Pope Francis created 13 new cardinals on Saturday -- including the first African-American -- putting his personal stamp on the body that will one day choose his successor.
Under the soaring dome of St Peter's Basilica, the new "princes of the Church" knelt one by one at the feet of the 83-year-old pontiff, who placed the quadrangular scarlet cap, or biretta, on their heads.
The diverse group -- whose members hail from Italy, Malta, the Philippines, Chile, Brunei, Mexico and the United States -- reflect not only the changing face of the church of 1.3 billion faithful, but also the Jesuit pope's belief in priests focused on the world's poor.
The 72-year-old Archbishop of Washington, Wilton Gregory, told AFP on Friday he was a "symbolic individual" for being made the first African-American cardinal.

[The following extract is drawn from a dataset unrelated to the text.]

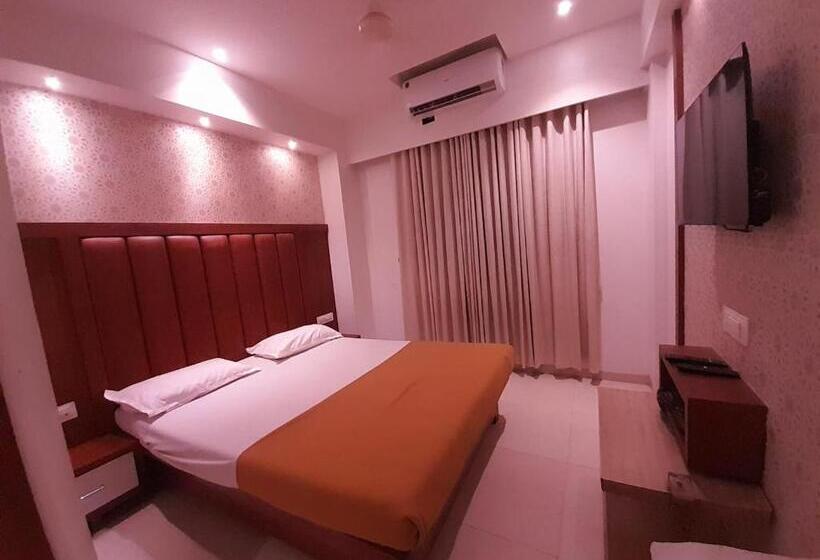 בית מלון כפרי Atithi Lodging & Boarding By Wb Inn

Since Francis' election in 2013, the Argentine pope -- the first from the Americas -- has created 95 new cardinals in ceremonies known as consistories.

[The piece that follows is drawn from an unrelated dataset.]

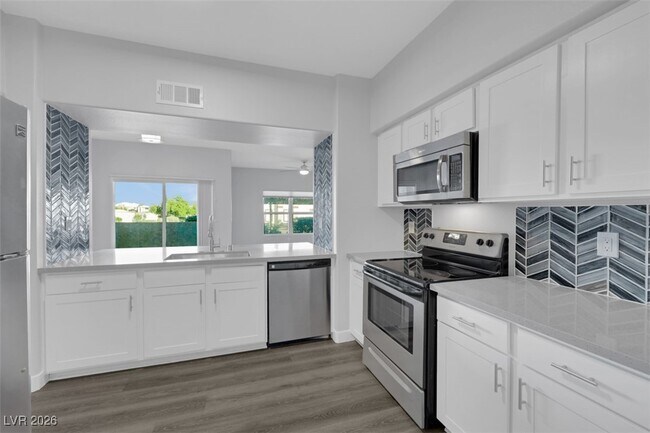 Building Photo - 7255 W Sunset Rd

Those named by Francis now make up the majority of those cardinals under the age of 80 who will elect his successor.
That increases the chances that the pope's efforts to make the Roman Catholic Church more inclusive, transparent, and more focused on defending the most vulnerable members of society, may continue after his death.
During the ceremony, Francis warned the new cardinals not to be seduced by their new "eminence" and stray from being "close to the people".
"The scarlet of a cardinal's robes, which is the colour of blood, can, for a worldly spirit, become the colour of a secular 'eminence'," said Francis. "When you feel that, you will be off the road."
Typically, all the world's cardinals travel to Rome to welcome the newly promoted cardinals during the consistory.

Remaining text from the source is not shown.